Né le 30 Décembre 1937 à Tamworth, dans le Staffordshire, Gordon Banks choisit d’apprendre le métier de maçon. Il joue dans l’équipe de la maison Millspaw Steel Works, et va prendre place dans les buts faute de volontaires. Il s’y montre si doué qu’il occupe rapidement la cage du Chesterfield FC. En 1959, Leicester City débourse 79.000 livres sterlings pour s’attacher ses services. Le club, dont le nom n’apparaît sur aucun palmarès, se fraie par deux fois le chemin de Wembley. Mais Banks ne pourra éviter la défaite des Foxes face à Tottenham Hotspurs (1-2) en 1961, puis Manchester United (1-3) en 1963. Leicester se consolera avec la League Cup en 1964, conquise aux dépens de Stoke City.

En 1960, Banks est sélectionné en équipe d’Angleterre des moins de 23 ans. La cage de l’équipe première est occupée par Ron Springett (Sheffield Wednesday), et c’est lui qui est sélectionné pour la Coupe du Monde au Chili. En 1963, Walter Winterbottom cède sa place de sélectionneur national à Alf Ramsey. Celui-ci, pour une rencontre contre l’Ecosse à Wembley le 6 avril 1963, appelle Banks. Celui-ci a vingt-six ans.

Banks jouera trente-sept matches avec la sélection nationale anglaise. Durant cette période, l’équipe anglaise ne connaîtra que neuf défaites, et les moments les plus culminants de son histoire.

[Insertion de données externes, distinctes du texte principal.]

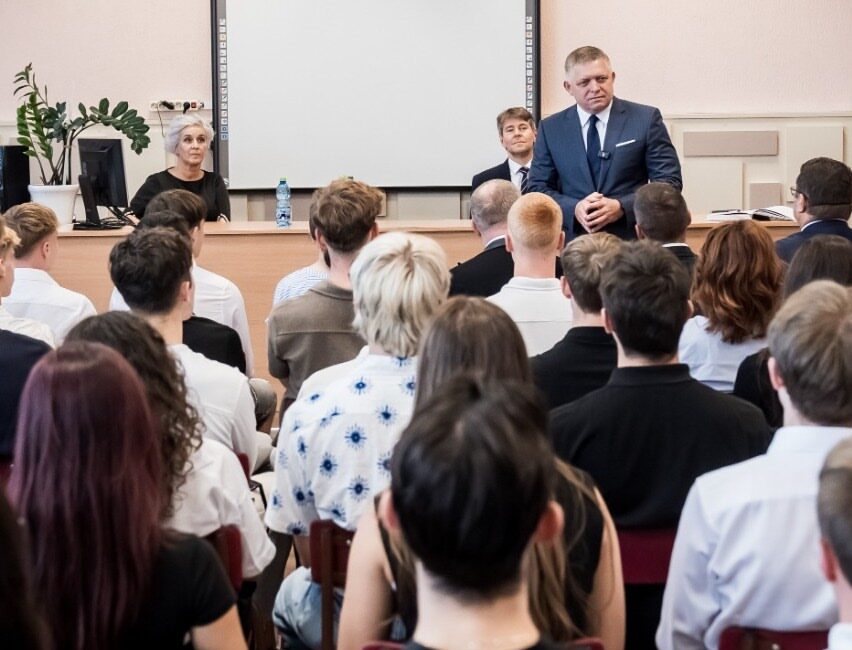Robert Fico’nun Prešov Üniversitesi Ziyareti Slovakya Başbakanı Robert Fico, 2025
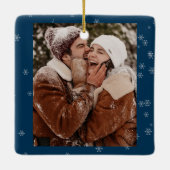 Happy Couple CUSTOM Duitse Blauwe Sneeuw Kerstmis Keramisch Ornament (Achterkant)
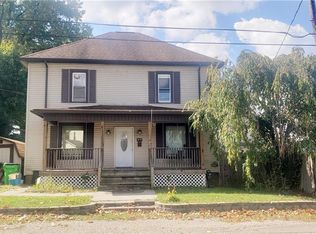 1311 Elm St, Coshocton, OH 43812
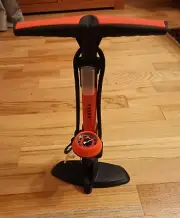 GOBKO bicycle foot with pressure gauge built in comes with Presta and Schrader a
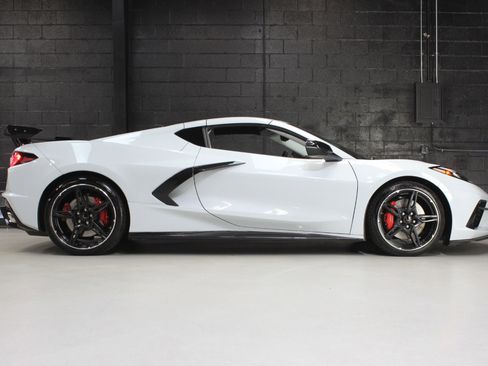 Used 2020 Chevrolet Corvette Stingray Premium Cpe w/ 3LT Preferred Equipment Group image 24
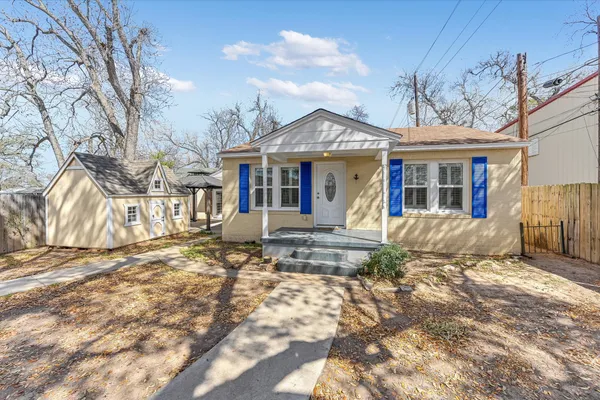 $340,000 | 318 North W Loop 230, Smithville, TX 78957
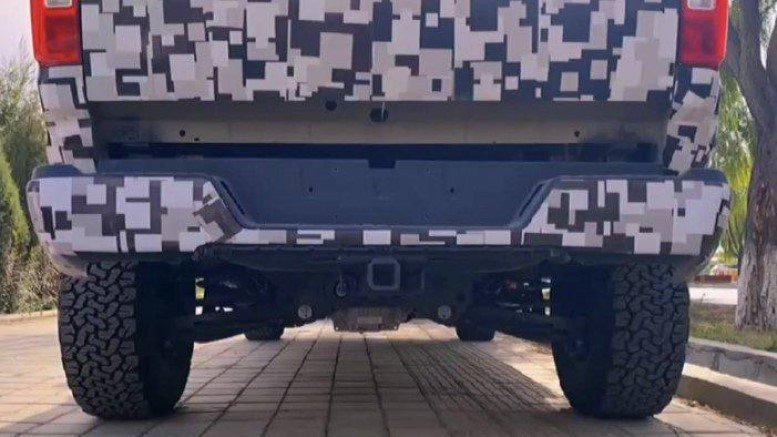 Огромный внедорожник Tank 800 и пикап Great Wall X Poer засняли на дорогах в Китае. У них пневмоподвеска и мотор V6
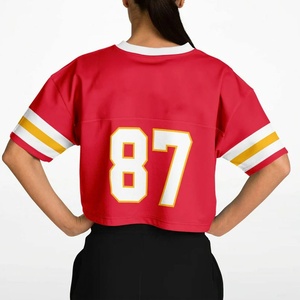 เสื้อฟุตบอลครอปสีแดงสำหรับผู้หญิง คอวี แขนสั้น พิมพ์หมายเลขทีม 87 ด้านหน้า ชุดกีฬา - Product Image 2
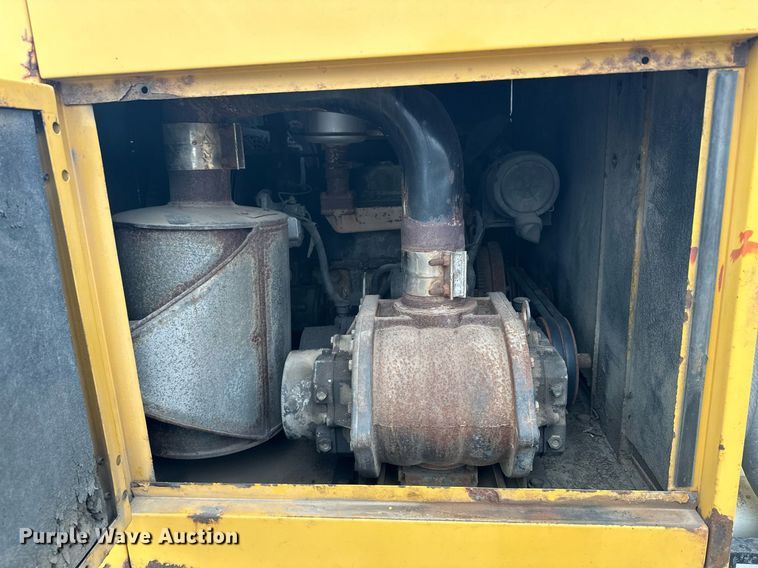 image for item DQ7403 2012 Vermeer V500LE-HD  vacuum excavator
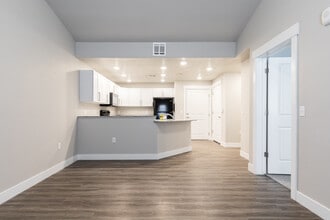 Retreat at South Haven Farms in Payson, UT - Foto de edificio - Interior Photo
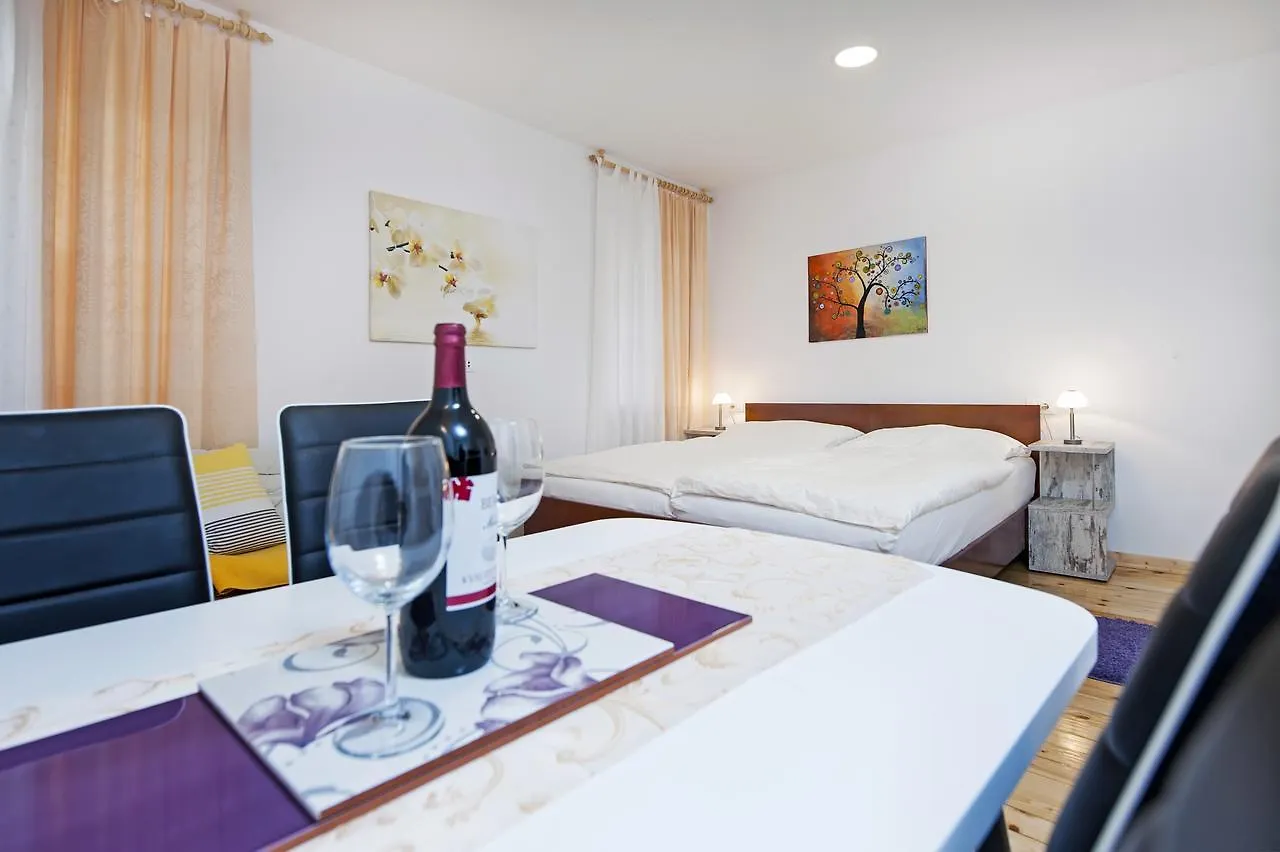 La Svalba Rooms & Studios Rovinj Kroatien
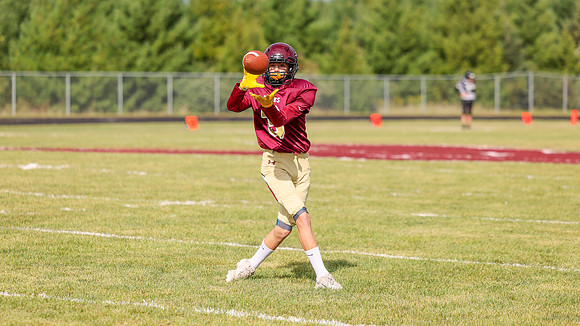 9-4-25 OMRO Foxes vs. Waupun 100 (19)
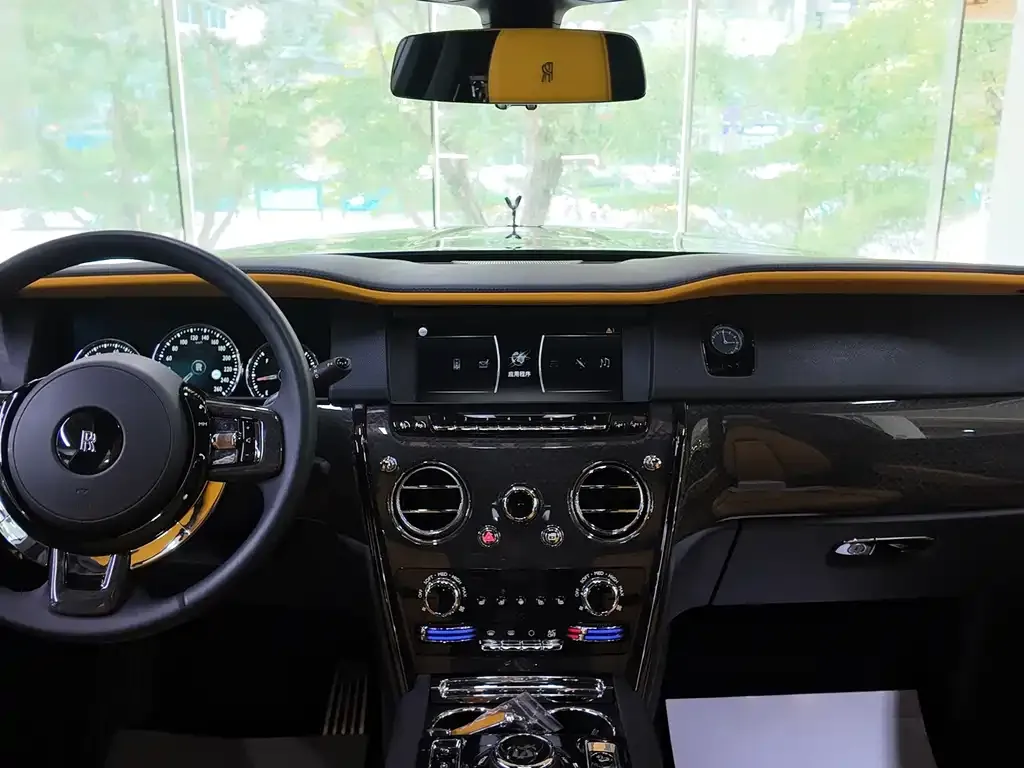 Rolls-Royce Cullinan 2025 из CN, фото 7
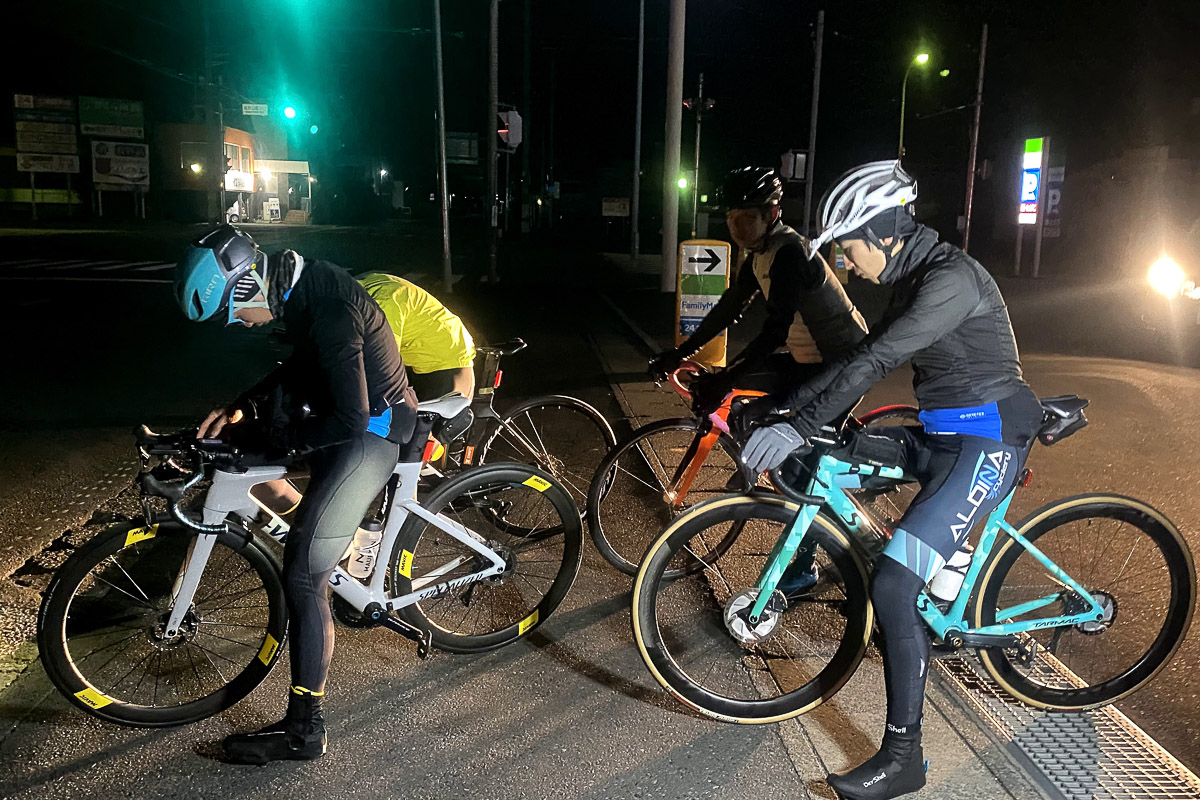 0:00:00に正確にスタートできるように準備し、サイクルコンピューターの起動を確認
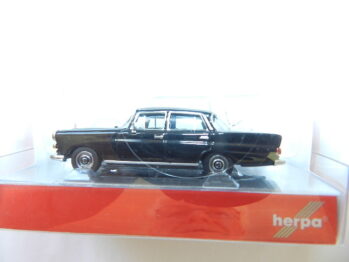 Herpa 420457 Mercedes-Benz 200 Heckflosse, schwarz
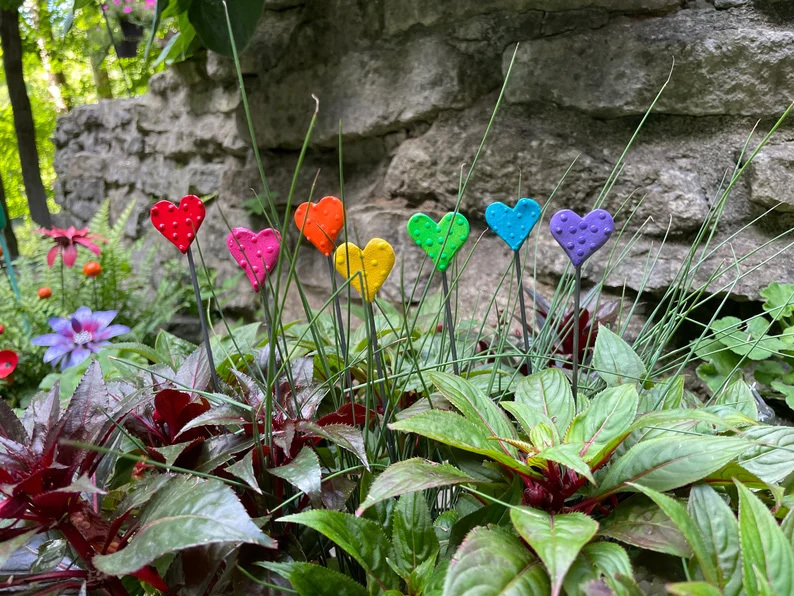 Heart-shaped plant art pot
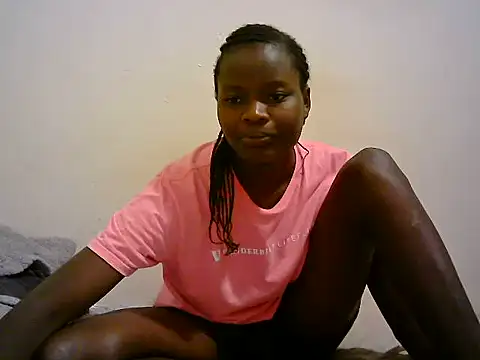 Snapshot of BerryJulie chatting on July 2026 04:31:01 PM BerryJulie online show from July 2026 04:31:01 PM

La World Cup 1966, évidemment, où il tient quelques 441 minutes avant d’encaisser son premier but, puis le Mundial 1970 et le "Most Famous Save" qui le fait entrer dans la légende.

Après 293 matches disputés avec Leicester, Banks rejoint en 1966 le club de Stoke City avec qui il remportera une nouvelle League Cup, en 1972. Nommé chevalier de l’empire britanique (OBE) en 1970, Banks sera contraint d’arrêter sa carrière en 1972 suite à un accident de voiture oú il perdra l’usage d’un œil. Un handicap qui ne l’empéchera pas toutefois d’aller courir le cachet aux Etats Unis, oú il garde d’un œil les cages des Fort Lauderdale Strikers jusqu’en 1977.

Sa carrière de joueur terminée, il se lance naturellement dans celle d’entraîneur, avec l’équipe réserve de Port Vale. Il devient ensuite manager général de Telford United puis entraineur des gardiens à Stoke City. Retiré du football, il dirige une société de relations publiques et arrondit ses fins de mois comme after-dinner speaker [1].

  • [1] Le métier de "after-dinner speaker" (littéralement conteur de fin de repas) est une activité très courante et fort bien rémunérée en Grande Bretagne. Profil exigé : Pratique courante de l’anglais, de la tchatche et accessoirement un passé glorieux. Footballeurs et militaires apréciés.